● ASSIGNMENT: Nothing but the lines below between the line holding "Camisa vaquera con brillos" and the line holding "Hape Jouet en", inclusive, should appear in the answer, each set down exactly.

● RECORDS PROVIDED:
|---|
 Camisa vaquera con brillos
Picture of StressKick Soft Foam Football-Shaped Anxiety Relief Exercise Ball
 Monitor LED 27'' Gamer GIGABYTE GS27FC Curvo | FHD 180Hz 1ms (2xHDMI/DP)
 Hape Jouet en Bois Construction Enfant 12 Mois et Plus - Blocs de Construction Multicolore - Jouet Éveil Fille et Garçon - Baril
|---|
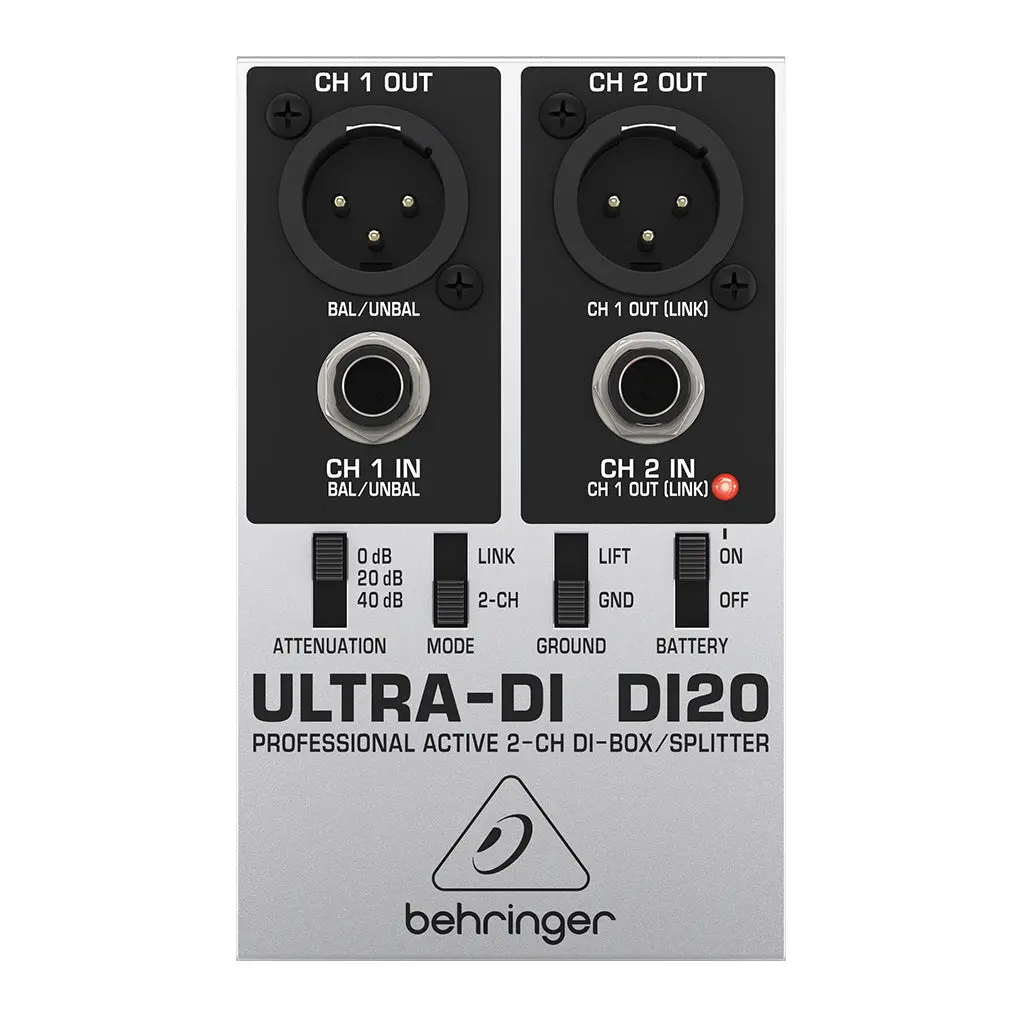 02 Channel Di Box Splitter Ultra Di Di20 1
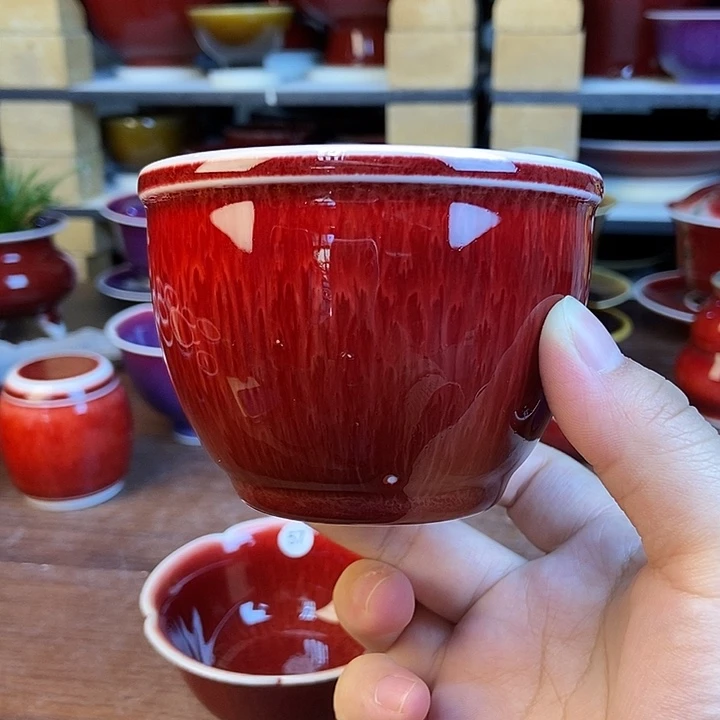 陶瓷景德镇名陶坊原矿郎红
|---|
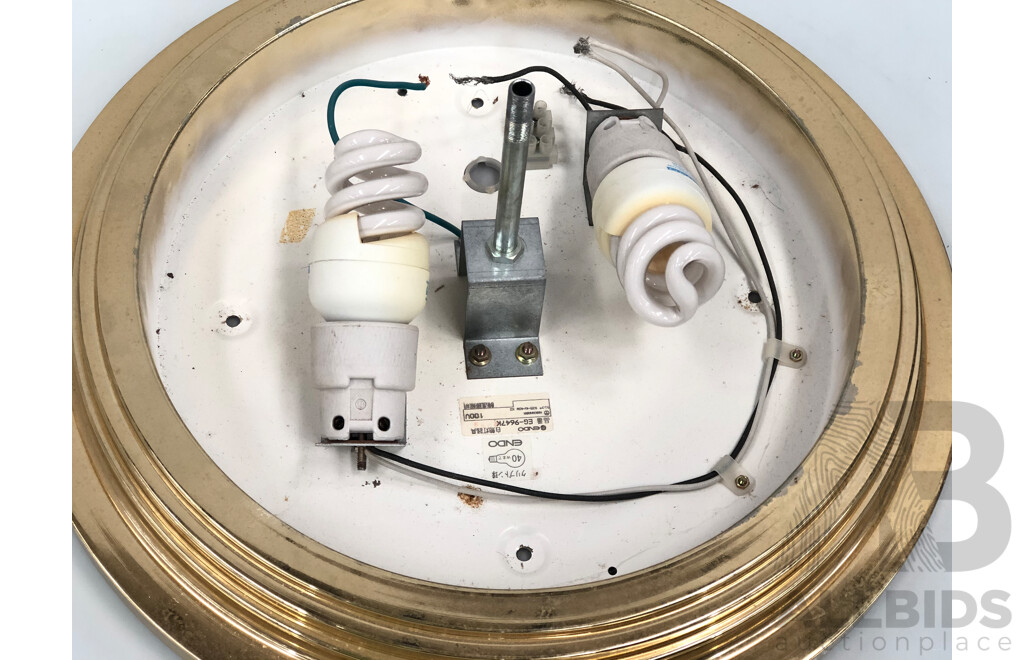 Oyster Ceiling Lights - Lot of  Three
|---|
● OUTPUT BELOW:
 Camisa vaquera con brillos
Picture of StressKick Soft Foam Football-Shaped Anxiety Relief Exercise Ball
 Monitor LED 27'' Gamer GIGABYTE GS27FC Curvo | FHD 180Hz 1ms (2xHDMI/DP)
 Hape Jouet en Bois Construction Enfant 12 Mois et Plus - Blocs de Construction Multicolore - Jouet Éveil Fille et Garçon - Baril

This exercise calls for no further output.